Когда я зашел к нему в кабинет, а секретарь ему тогда не полагался, то увидел, что он погружен в чтение какого-то толстого тома. Я хотел выйти, чтобы зайти позже. Но поздно — он увидел меня и спросил:
— Что у вас?
Я объяснил.
— Все размеры правильны? Вы все проверили?
— Да, — ответил я не дрогнувшим голосом. А что я мог сказать иначе? — Да, — повторил я.
Он быстро взглянул на чертежи и подписал все, что я принес.
Я вышел из кабинета весь в сомнении: как же он мог так вроде легкомысленно подписать такой важный документ? Это противоречило моим, правда, еще неглубоким, жизненным понятиям. Я тут же бросился к себе, чтобы еще раз тщательно проверить габаритки. «А вдруг в них все-таки вкралась ошибка?» — эта мысль буквально жгла меня, не давала дышать спокойно. Проверив все тщательнейшим образом, я убедился, что опасения мои не обоснованы. И ошибки, слава богу, нет.
С тех пор у меня резко изменилось представление о моей личной ответственности. И вот уж сколько лет я работаю, а тот день помню — он стал переломным. Да и не только у меня был такой день…»
Георгия Николаевича отличала какая-то необыкновенная простота взаимоотношений, которая всегда устанавливалась там, куда он попадал. Иногда было просто удивительно, как легко и непринужденно он разговаривал с людьми совершенно различных должностных уровней. Он звонил в самые высокие инстанции и без извинений и оговорок приступал к беседе сразу же, лишь представившись, — он был уверен, что его воспримут именно так, как ему было нужно — по-деловому. Но в случаях, казалось бы, ординарных, мог и пожертвовать своими личными планами. Слово тому же Лебедеву.

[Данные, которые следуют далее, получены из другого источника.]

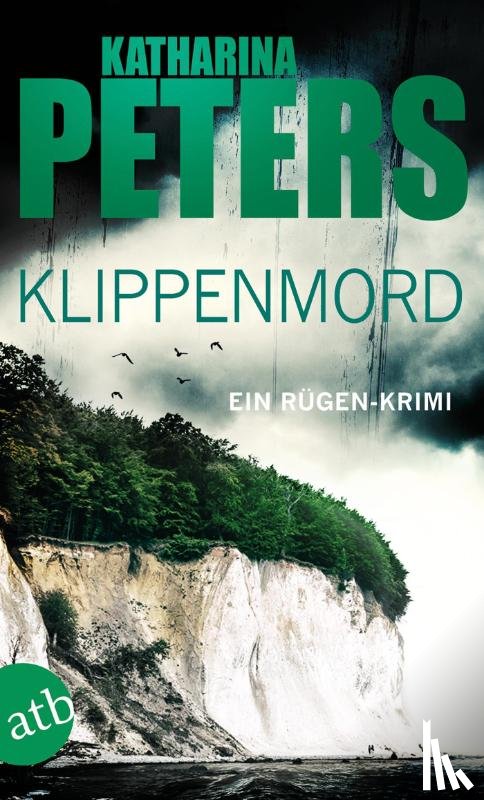 Peters, Katharina - Klippenmord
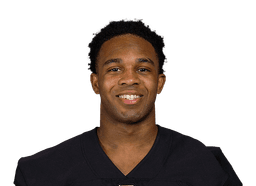 Tyrell Robinson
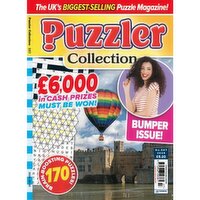 Puzzler Collection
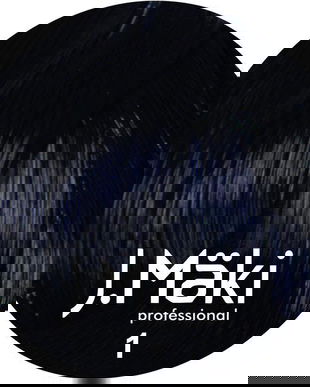 Vopsea de par J.Maki Professional 1 black, 60 ml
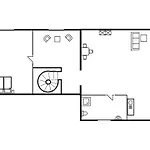 Appartement Heimathafen Barrage d'Edersee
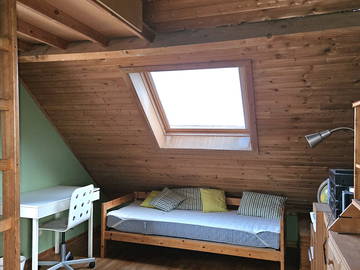 Homestay Braine-L'alleud 342855-6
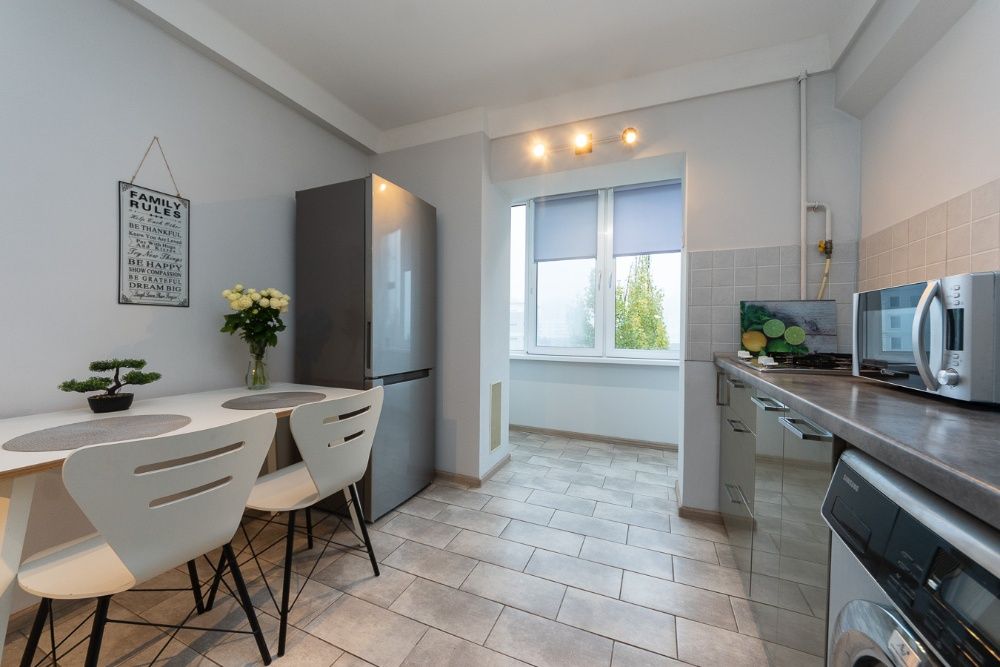 Дизайн-проєкт "Артхауз" у центрі Києва. Печерськ. Метро 5 хв пішки.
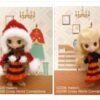 Petite Blythe / Love to Dress / Mockingbirdlane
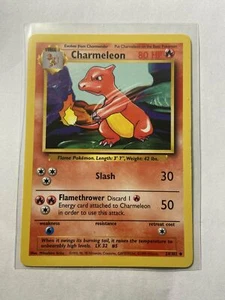Juego de bases Charmeleon casi como nuevo INGLÉS 24/102 - Imagen 1 de 2
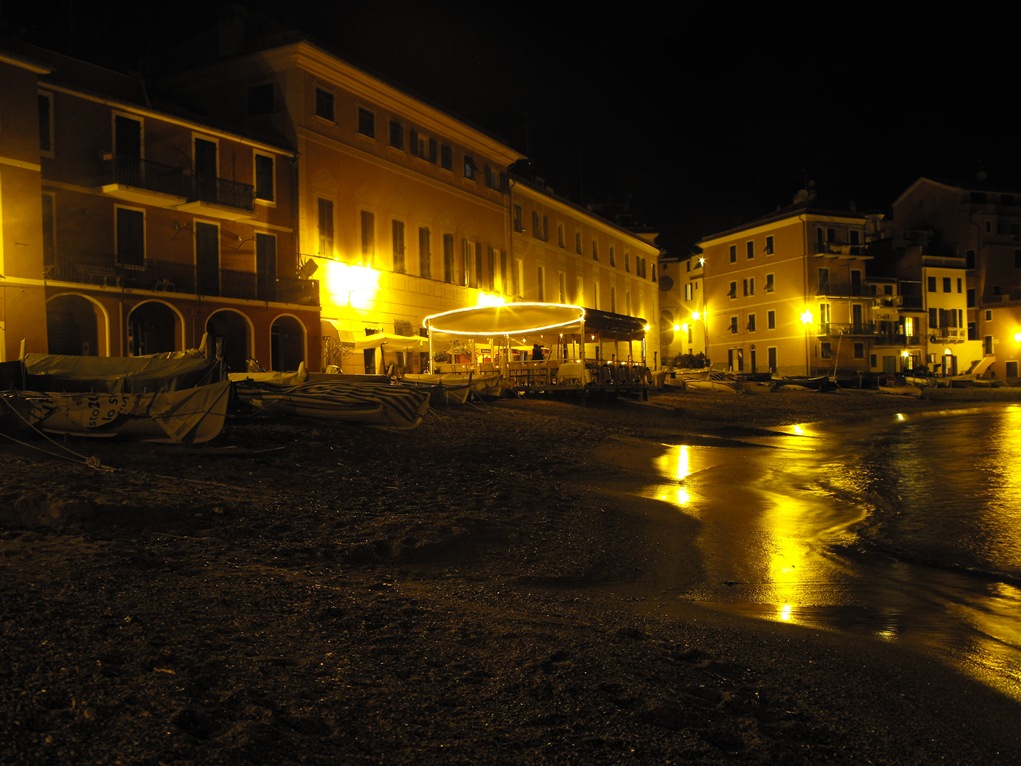 Sestri Levante - La citt dei due mari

«Уже несколько лет, как Георгий Николаевич руководил КБ. Случилось так, что как-то ближе к концу рабочего дня он вызвал начальника отдела, в котором я работал, и меня. Посоветоваться по какому-то вопросу. Попасть к Бабакину всегда было интересно, поучительно и желанно. Но в этот раз я особой радости не испытывал: к несчастью, на этот день у меня были билеты во МХАТ. Какое уж тут обсуждение, если день на исходе и до начала спектакля остается не так уж и много времени… Тем более что билеты у меня, а предупредить жену, с которой встреча была оговорена заранее, я уже не мог. «Вот попал», — мысленно огорчался я. И на вопросы Георгия Николаевича отвечал вяло, скомкано… Мысли были заняты другим. Георгий Николаевич почувствовал, что здесь что-то не так. Он спросил:
— Борис, что с тобой?
Я помялся и, не придумав, что соврать, честно говорю, что у меня билеты в театр на… и так далее.